The WHATWG Blog

Archive for the ‘Syntax’ Category

New Image Report Feature in Validator.nu

Friday, April 18th, 2008

There have been lots and lots of e-mail on the public-html mailing list about making the alt attribute syntactically required in HTML5. At the core of this debate is on one hand using HTML5 validators to send a strong message about accessibility and on the other hand of avoiding a situation where a simplified and idealistic strong message leads to behavior that is counterproductive considering the goal of making the Web accessible. As a policy debate, it is similar to abstinence-only sex education debates.

A validator is a computer program and cannot tell if a textual alternative is appropriate for a given image in a given context. That's why accessibility checking needs to be done by a person. A person may use a software tool to make the checking easier, but trusting on fully automated software to determine whether a page is accessible is misguided.

Given this basic problem, a policy that insists on the alt attribute always being present doesn’t necessarily lead to accessibility. In fact, considering that syntactic correctness and accessibility are different evaluation axes both in terms of computability and in terms of how HTML authors (other than accessibility advocates) tend to view things (judging from observations about the behavior of HTML authors who use validators), a policy that insists on the alt attribute being always present will likely cause people to put the attribute in there but with inappropriate content. In particular, putting an empty alt on images whose presence is important for understanding the context of other content is bad, because in that case the presence of those images is concealed from a non-graphical user. Also, a textual alternative that just says “image” is not an improvement over what, for example, Safari with VoiceOver says in the absence of alt, but would be worse than a smarter client-side heuristic.

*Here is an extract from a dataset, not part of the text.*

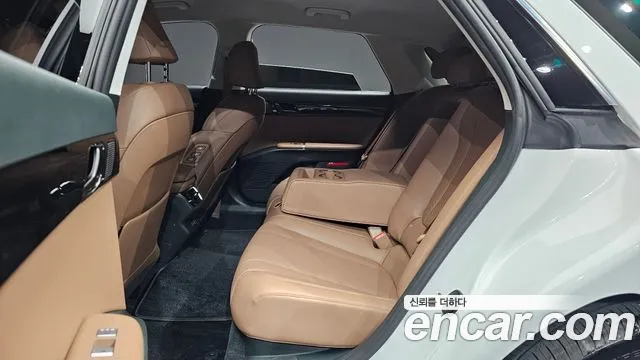 Hyundai Grandeur GN7 — Фото автомобиля 17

Furthermore, there is a very real case where a textual alternative simply isn’t available to the HTML generator: a user uploads photos to a content management system and refuses to supply textual alternatives at the same moment. HTML 4 didn’t account for this case. In fact, requiring alt to under all circumstances assumes that markup is written by a person who knows what the images are at the time of writing markup. It doesn’t make sense to pretend that the case where the markup generator doesn’t have textual alternatives available doesn’t exist. The HTML 5 syntax needs to account for all use cases.

Expecting markup generators to knowingly emit markup that is not valid is not a winning proposition. Quoting me from 2006:

Authoring tools are judged by taking a page authored using the tool and running it through the W3C Validator or, presumably in the future, through an HTML5 conformance checker. Authoring tool makers who are capable of making their tool produce syntactically conforming documents will want to do so and minimize the chance that the users of their software tarnish the reputation of the tool in the eyes of people who use an automated test as a litmus test of authoring tool bogosity. (People who test tools that way will outnumber the people who make a more profound analysis due to the "validate, validate, validate" propaganda.)

To summarize: As a matter of principle, subjective checking or checking that is not applicable for all pages does not belong in the validation function. Practice is more important than principle, though. Baking the alt requirement into the validation function would be bad when the user of the validation function wants a clean report on syntax but isn’t as concerned with accessibility. It is bad for accessibility when authors put the simplest value that silences the validator into the attribute in order to make the validation report look clean, since doing so gives user agents like Safari with VoiceOver less information to work with. That's why I think the requirement to have an alt attribute present doesn’t belong in the validation function also as a practical matter.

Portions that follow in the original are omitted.